**Supplied material**
%%
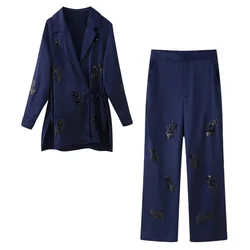 2024 Summer New Product Women's Fashion Casual Polo Collar Long sleeved Sequin Satin Kimono Coat Bead Pants Set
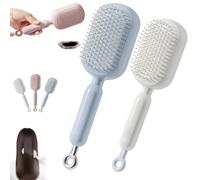 Retractable Cushion Massage Comb - Anti-Static Self Cleaning Hair Brush for Effortless Detangling, Gentle Scalp Massage, and Easy Hair Removal, Ideal for All Hair Types Including Wigs (Mixed-2)
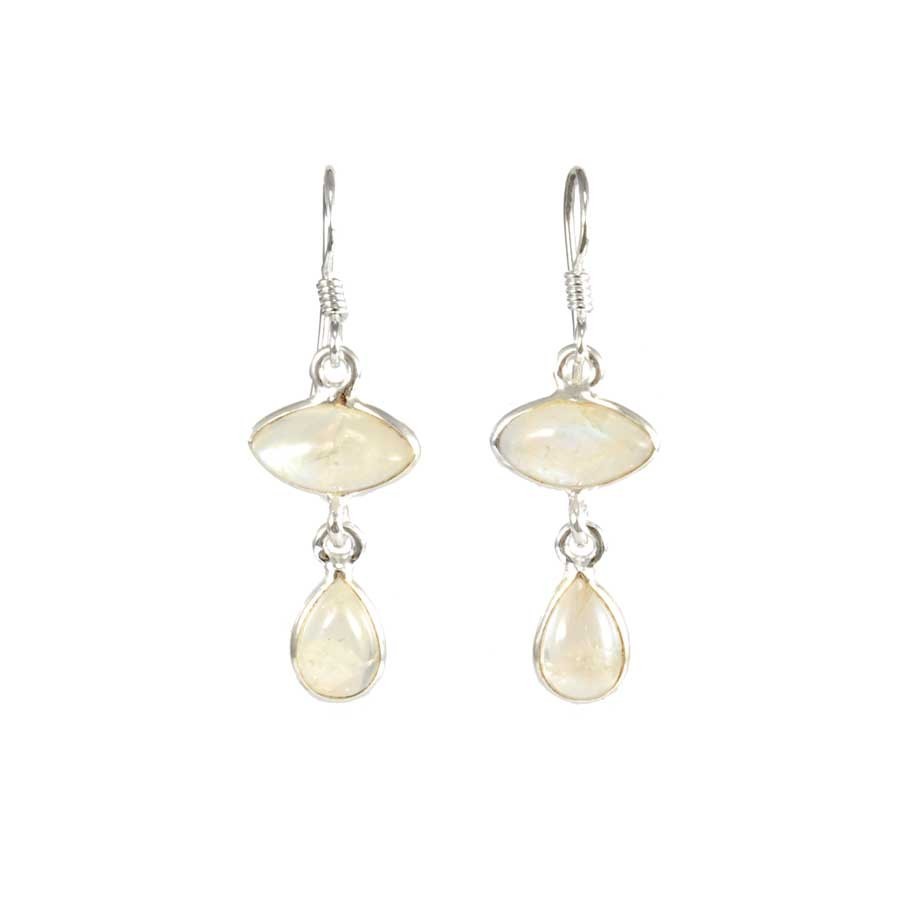 Boucles d'oreilles en argent avec deux pierres - BIJOUX ARGENT - Boutique Nirvana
%%
**Activity**
Leave out the pictures and output the rest of the material exactly as written.

**Answer below**
 2024 Summer New Product Women's Fashion Casual Polo Collar Long sleeved Sequin Satin Kimono Coat Bead Pants Set
 Retractable Cushion Massage Comb - Anti-Static Self Cleaning Hair Brush for Effortless Detangling, Gentle Scalp Massage, and Easy Hair Removal, Ideal for All Hair Types Including Wigs (Mixed-2)
 Boucles d'oreilles en argent avec deux pierres - BIJOUX ARGENT - Boutique Nirvana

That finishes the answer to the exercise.